# [SOLVED] How to disable Internet connection without disabling the LAN/network?



## Isalore

Hi there!

As the subject says, I have been trying to figure out how to disable just the internet connection without interfering with the home LAN/network connection, but I can´t figure it out! I have checked the network settings and tried to disable the "1394 connection" and "Local Area Connection" but it wont work, if I disable Local Area Connection, both the LAN network and the internet goes down. I just want to disable the internet connection. Any ideas how to do it?

Any help is very, very much appreciated!

Best regards and warm wishes,
Joel L.


----------



## johnwill

*Re: How to disable Internet connection without disabling the LAN/network?*

Remove the *DNS Server *and *Default Gateway *addresses, that will disable the Internet access and leave your local file/print sharing working.


----------



## Isalore

*Re: How to disable Internet connection without disabling the LAN/network?*

Thanks for the answer!

But how do I do this exactly?

Best regards,
JL.


----------



## johnwill

*Re: How to disable Internet connection without disabling the LAN/network?*


From the Start menu, select either Control Panel, or Settings and then Control Panel.

Double-click Network Connections, and then Local Area Connection.

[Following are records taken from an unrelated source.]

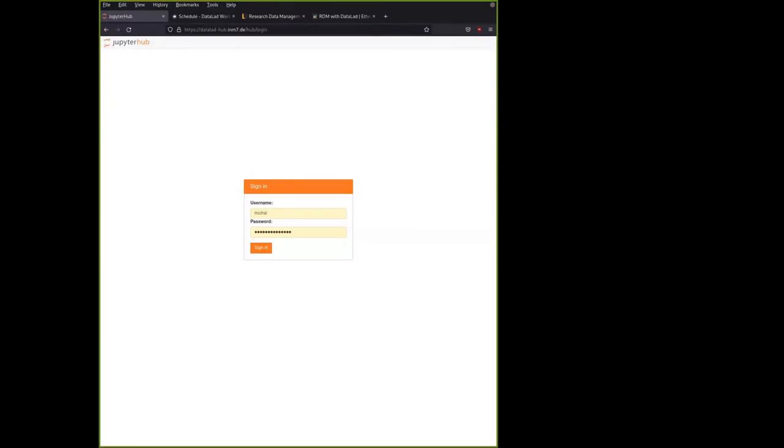All right, one of the things we've prepared for today is JupyterHub. It is one of the ways you will be able to run the examples, all the code examples, all the exercises yourself. You can, of course, use your own computer, but you can also use this shared resource.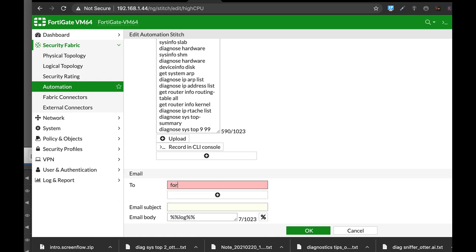And we can also add up an action, which is an email action to be sent to our email address. Okay. So let's go out there. Thank you.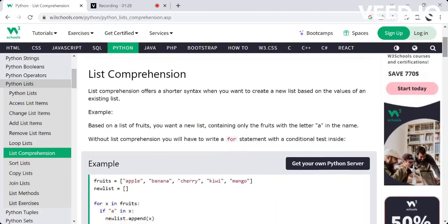I will explain the syntax of the list in simple lines. I already have a list, and I am going to create a new list. I have a list comprehension, which is a shorter syntax.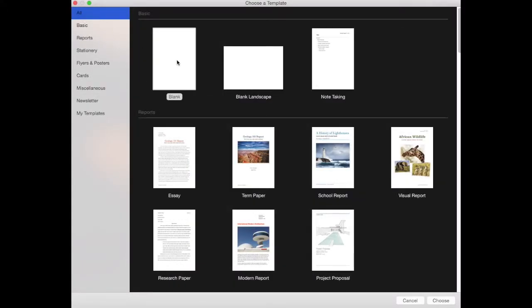Choose a blank template from the template chooser. The quickest way to do this is double-click it.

In the Local Area Connection Status dialog box that appears, click Properties.

Click to highlight Internet Protocol [TCP/IP] , and then click the Properties button.

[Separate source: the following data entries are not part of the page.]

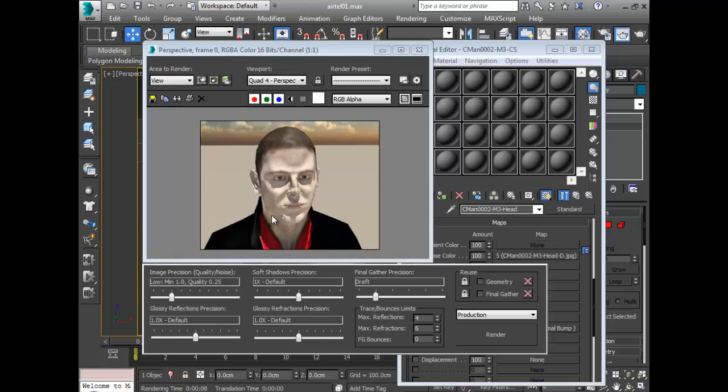So that's what the normal map does to your model - gives it life and makes it look more realistic. Yeah, so at this point you can make him shiny or just add specularity to him a little bit.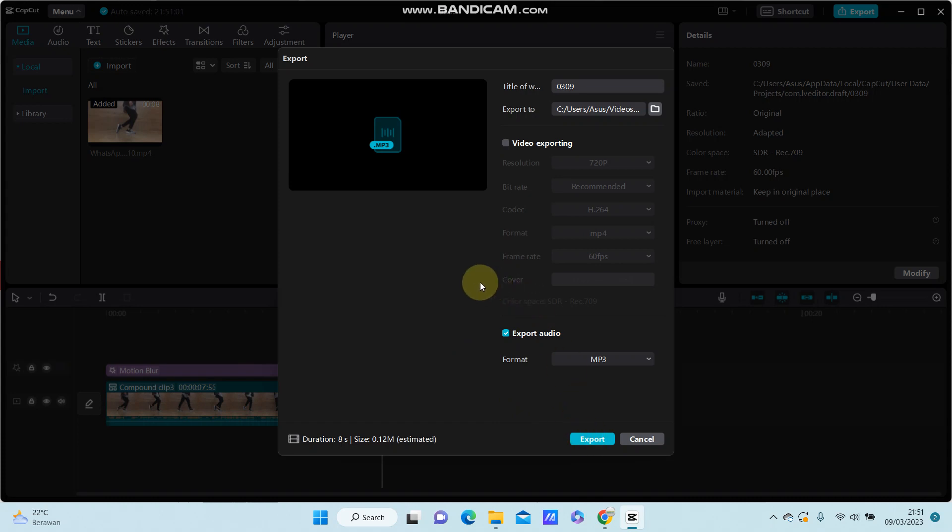You can find the exported file in the designated location.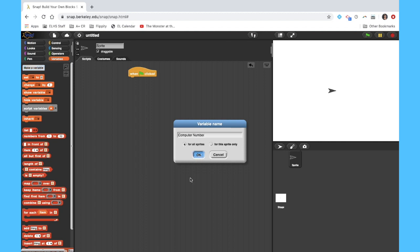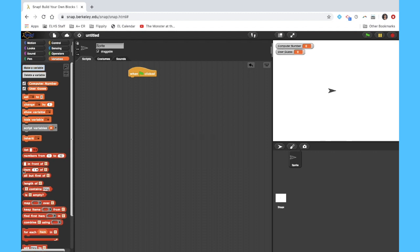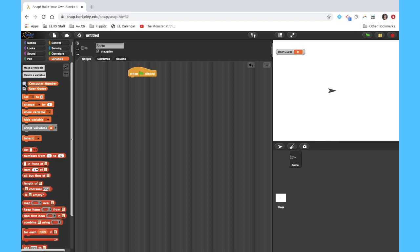And we're going to make a second variable called user guess. Now notice that when I do that, my variables show up here in my variable menu, and they have these little check boxes next to them. All those boxes are going to do, you see if I unclick, what happens is it doesn't display that variable on my screen anymore.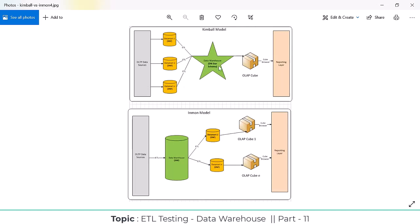One more approach is where whatever raw data is there, first all the raw data is extracted and loaded to the data warehouse, and after that they segregate the data — what is men's data, what is women's data — they segregate it here. Based on how you are getting the data from your source system, they follow either the bottom-up or the top-down approach.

Select the radio button for Use the following IP Address, and enter the IP address of your computer.

Enter the correct code for the "Subnet Mask" field.

Enter the correct information for the "Default Gateway" field, in this case that would be deleting all the information.

Enter the correct information in the "Preferred DNS Server" field and the "Alternate DNS Server" field, in this case that would be deleting all the information. .

"OK" your way out of the properties.


----------



## Isalore

*Re: How to disable Internet connection without disabling the LAN/network?*

Thanks alot!!! It works!!... this really helps me, I am forever grateful to you! 

Best regards and wishes,
Joel L.


----------



## johnwill

*Re: How to disable Internet connection without disabling the LAN/network?*

Glad we could help. :smile:


----------



## MGadAllah

Thanks a lot for this tip, really helpful.
I searched and posted in many places but no one solve it as simple as you did.
Thanks a lot


----------



## 2xg

Thanks for your feedback, this ancient Thread will have to be closed.


----------